Inauguração do novo espaço aconteceu no final da manhã desta terça-feira. , Fotos ML

O director reconheceu ainda que a obra sofreu um aumento de custos na ordem dos 500 mil euros, sobretudo devido ao encarecimento dos equipamentos e da construção.

A Casa de Saúde São João de Deus inaugurou, esta terça-feira, a Unidade Renascer, uma nova estrutura destinada aos cuidados continuados integrados em saúde mental, que representa um investimento de cerca de quatro milhões de euros, financiado pelo Plano de Recuperação e Resiliência (PRR).

A nova unidade dispõe de 20 enfermarias, com um total de 40 camas, e está vocacionada para doentes de média e alta complexidade, reforçando a capacidade de resposta da Região na área da reabilitação em saúde mental.

“O objectivo é trabalhar a área da saúde mental numa área de média e alta complexidade, no âmbito dos cuidados continuados em saúde mental na Região Autónoma da Madeira", explicou o director da Casa de Saúde São João de Deus, Eduardo Lemos. O responsável destacou ainda que o edifício dispõe com "equipamentos técnicos muito qualificados" e incorpora soluções de elevada eficiência energética.

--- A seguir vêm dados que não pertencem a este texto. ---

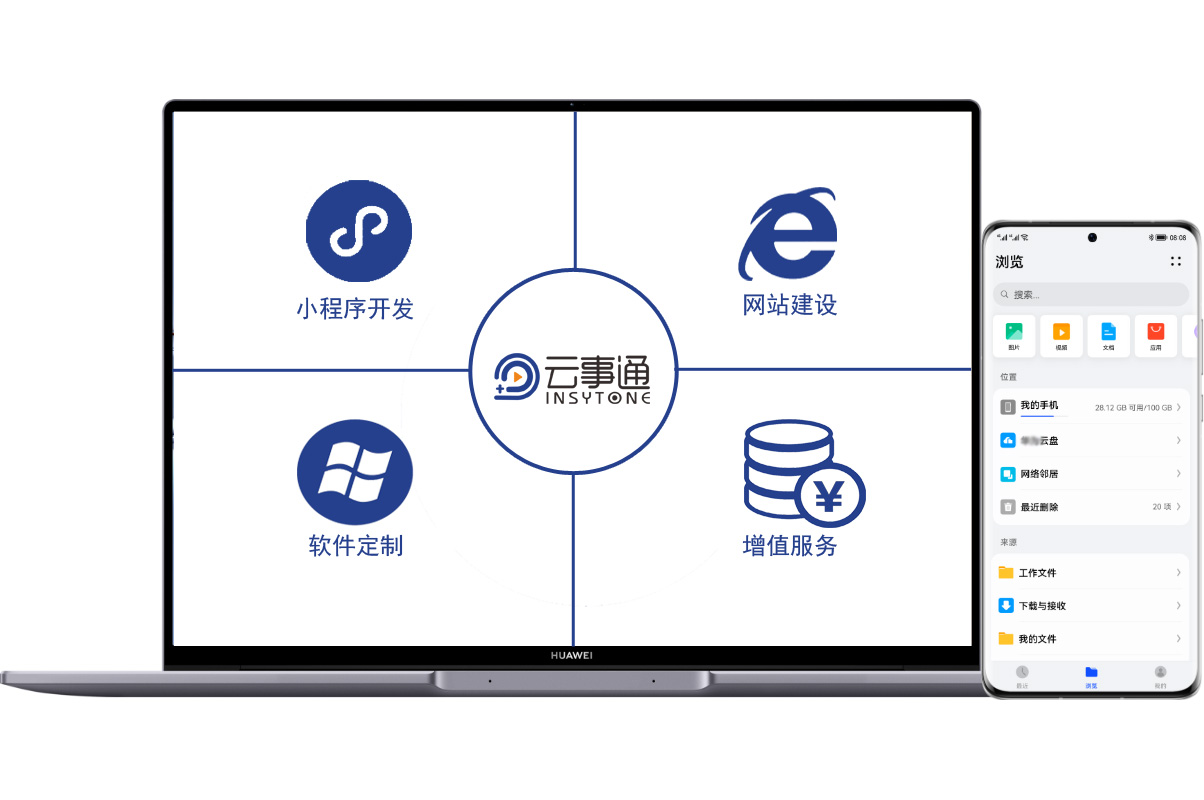 食安溯源軟件開發定制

Apesar dos desafios associados à execução das obras financiadas pelo PRR, Eduardo Lemos considera que o planeamento antecipado foi determinante para cumprir os prazos.

“Houve um conjunto de factores que são transversais a todos os investimentos do PRR aqui na Madeira, nomeadamente o elevado volume de obras. Foi difícil, mas começámos todo o planeamento muito cedo e isso facilitou-nos os resultados finais, e hoje temos o gosto de inaugurar esta unidade”, afirmou.

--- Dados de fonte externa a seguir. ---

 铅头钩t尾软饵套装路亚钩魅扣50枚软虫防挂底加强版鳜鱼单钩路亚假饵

Segundo o director, a Unidade Renascer, cuja concepção se inspira na floresta Laurissilva, surge numa altura em que a procura por respostas na área da saúde mental se mantém elevada, sobretudo devido aos problemas associados aos comportamentos aditivos e ao consumo de substâncias psicoactivas e álcool.

“Há realmente uma carga relativamente à doença mental, nomeadamente na questão dos comportamentos aditivos, no abuso de substâncias psicoactivas e, também, do álcool.  Não diria que estão a aumentar [os internamentos], mas há uma estabilidade um pouco acima aquele que é o número de internamentos [nos anos anteriores]”, referiu, notando o foco da nova unidade na reabilitação e reintegração social dos seus utentes.

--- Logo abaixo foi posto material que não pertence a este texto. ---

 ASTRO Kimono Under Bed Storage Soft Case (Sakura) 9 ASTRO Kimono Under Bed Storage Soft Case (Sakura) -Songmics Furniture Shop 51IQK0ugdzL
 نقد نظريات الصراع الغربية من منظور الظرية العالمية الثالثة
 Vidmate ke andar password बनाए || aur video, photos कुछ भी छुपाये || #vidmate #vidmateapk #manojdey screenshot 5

Actualmente, a instituição acompanha cerca de 300 doentes internados nas diferentes valências de psiquiatria, número semelhante ao registado no ano passado. Eduardo Lemos garantiu, no entanto, que não existe lista de espera para internamento, uma vez que os doentes são referenciados pelo SESARAM e a gestão das admissões é feita em articulação com os serviços de saúde.

A nova unidade destina-se a doentes que, após uma fase de internamento agudo, necessitam de um período de reabilitação antes do regresso à comunidade.

“São doentes com doença mental que requerem internamento, tratamento e reabilitação. Trata-se de uma resposta intermédia entre o internamento de curta duração e o regresso à comunidade”, explicou.

O investimento total ascendeu a cerca de quatro milhões de euros, dos quais 3,2 milhões foram financiados através do PRR. Entretanto, o Governo Regional aprovou um reforço de 15% do financiamento inicialmente atribuído, medida que Eduardo Lemos considera “muito importante para a concretização do projecto”.

O director reconheceu ainda que a obra sofreu um aumento de custos na ordem dos 500 mil euros, sobretudo devido ao encarecimento dos equipamentos e da construção.

“Não diria que houve uma derrapagem. Houve um acréscimo de custos, essencialmente relacionado com os equipamentos e com a própria execução da obra”, concluiu.